One of the most common forms of paradox in Data Science is Simpson’s Paradox.

As an example, let us consider a thought experiment: we carried out a research study in order to find out if doing daily physical exercises can help or not reduce Cholesterol levels (in mg/dL) and we are now starting to examine the obtained results. First, we divide our population sample into two main categories based on the individual's age (under/over 60 years old) and then we plot their cholesterol levels against the number of hours the subjects exercised per day. By examining the results in the first two plots of Figure 1, we can then infer that exercising for more hours a day can then lead to an overall reduction in our cholesterol levels. This hypothesis can then also be reinforced by examining the overall trend of the best fit line inferred through Linear Regression and the quite strong negative Person Correlation scored in both cases.

At this point, reassured by our derived results, we can then try to repeat this same analysis taking into consideration this time the whole population sample (rightmost plot in Figure 1).
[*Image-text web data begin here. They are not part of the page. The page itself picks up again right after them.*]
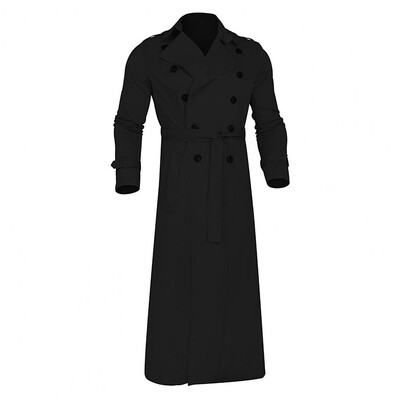 Muški trenčkot Vjetrovka s dvostrukim kopčanjem na rever Trenchcoat Ležerni široki dugi kaput Western Extra dugi muški kaput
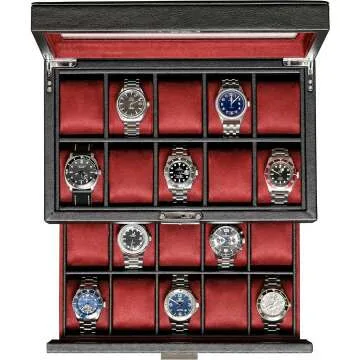 ROTHWELL Leather Watch Box - 20 Slot Organizer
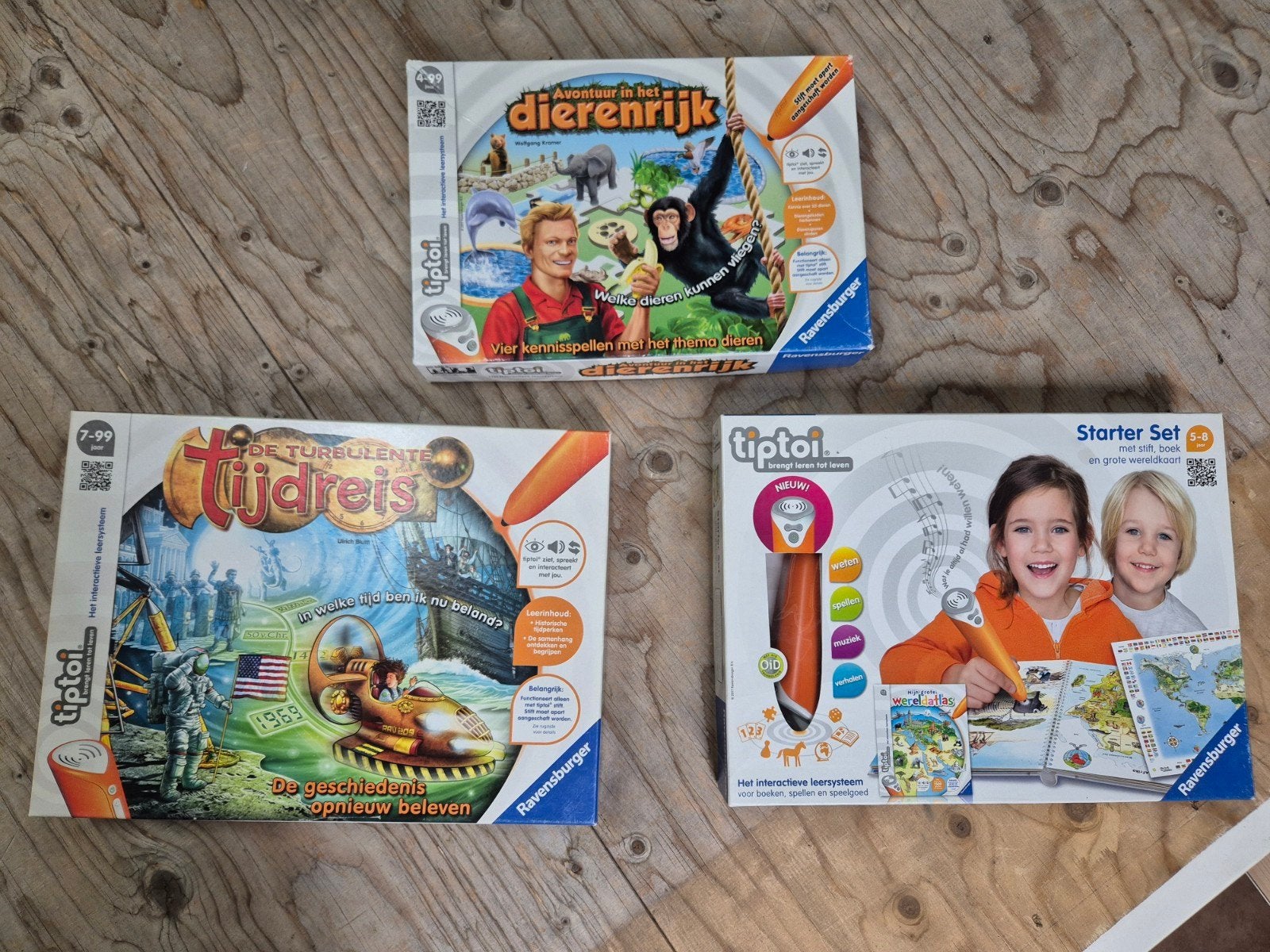 ZGAN Tiptoi pakket: Atlas, Dierenrijk, Tijdreis + Tiptoi pen, Kinderen en Baby's, Ophalen, Zo goed als nieuw, Taal en Lezen, Met geluid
In this case, we are faced with a completely contradictory scenario and a positive correlation implying that more exercise can lead to increased cholesterol levels.

Figure 1: Cholesterol vs Daily Hours of Exercise (Image by Author).

This type of scenario is commonly known as Simpson’s Paradox and takes place every time we have some form of correlation which points in a direction when considered in a sub-group and points instead in the opposite direction if considered as part of the whole group. In order to unveil the reasons behind this type of mechanism, we need to try to go beyond the provided data and think about how our data was generated in the first place to cause this outcome (e.g. what unknown missing variable might be preventing us to see the full picture?).

In this simple scenario, our missing component could be any potentially influential variable such as: individual’s comorbidities, diet and age. We decide then to take a closer look at how cholesterol levels vary with greater age (Figure 2). Repeating the same analysis done in Figure 1, we can then clearly see how cholesterol levels are strongly positively correlated to the individual’s age.

Figure 2: Cholesterol vs Age (Image by Author).

From these results, we can then deduce that cholesterol levels are more likely to increase with ageing and lack of exercise (there is a cause-effect relationship between the three variables). Therefore, in order to try to quantify the benefits of exercising in reducing cholesterol levels and overcome the Simpson Paradox, we should then make sure to run our experiment while having a fixed value for the age of the subjects (controlling the variable).

During the course of the last century, the Simpson Paradox occurred in many statistical studies such as: UC Berkeley gender bias, Kidney stone treatment and Racial disparity in the death penalty [1].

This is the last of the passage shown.